• Task objective: Pictures excluded, output the lines of the data below between the one holding "Used in DAB" and the one holding "Fixed Dental Bridges (Crown)", inclusive, exactly as they stand.

+++ Recorded data

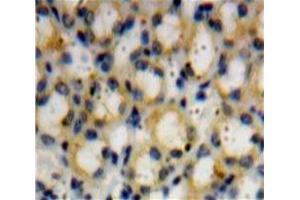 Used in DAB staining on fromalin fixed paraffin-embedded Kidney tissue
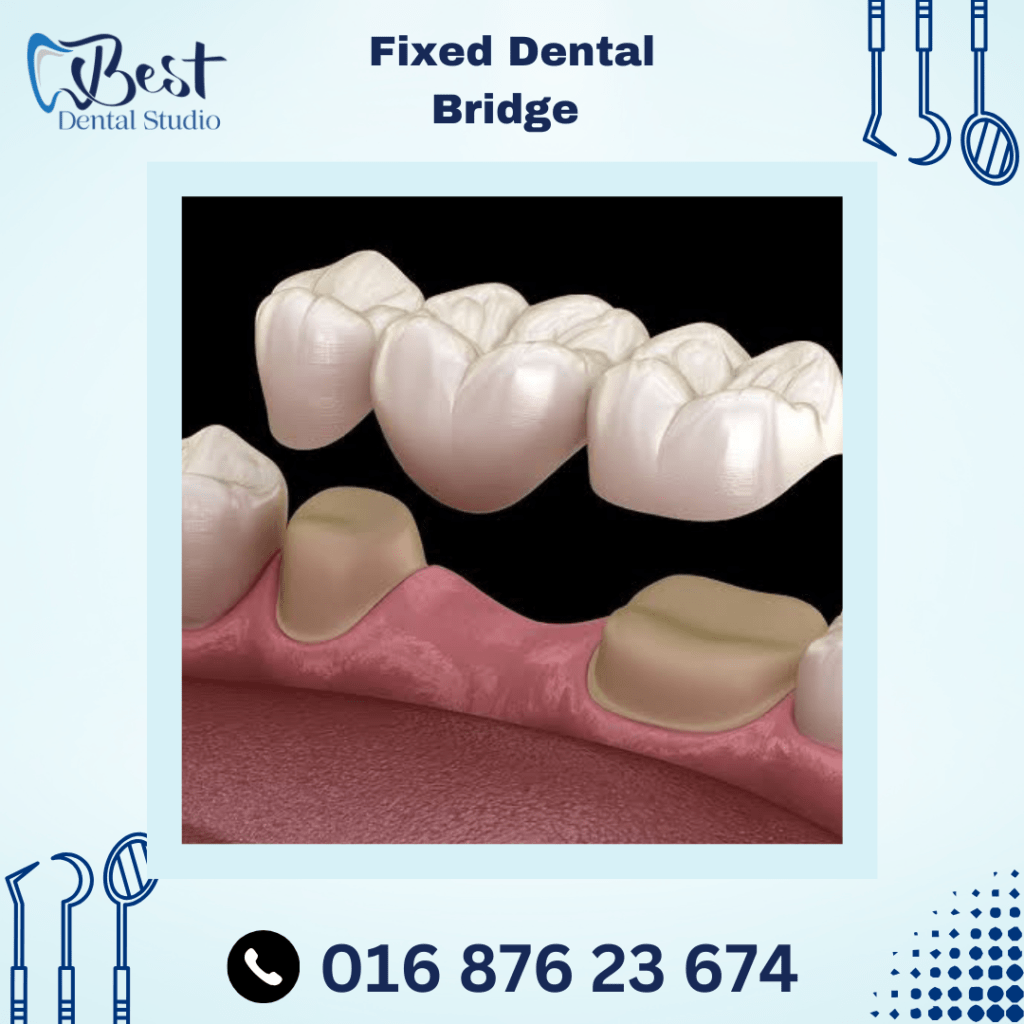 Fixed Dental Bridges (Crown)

++++++
+++ Recorded data

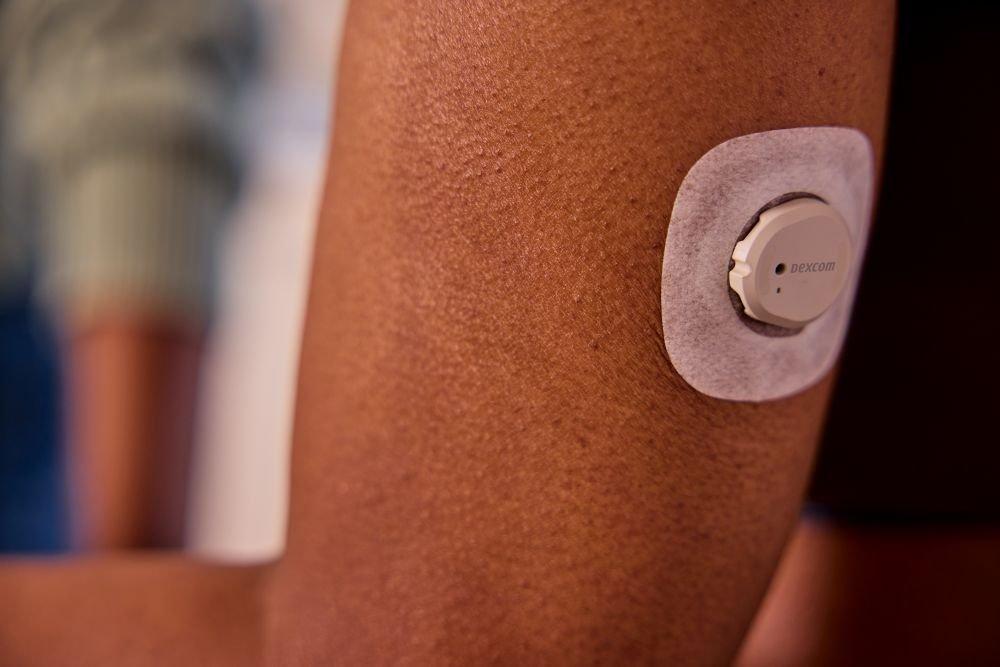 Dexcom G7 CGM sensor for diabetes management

++++++

• The completed task:
 Used in DAB staining on fromalin fixed paraffin-embedded Kidney tissue
 Fixed Dental Bridges (Crown)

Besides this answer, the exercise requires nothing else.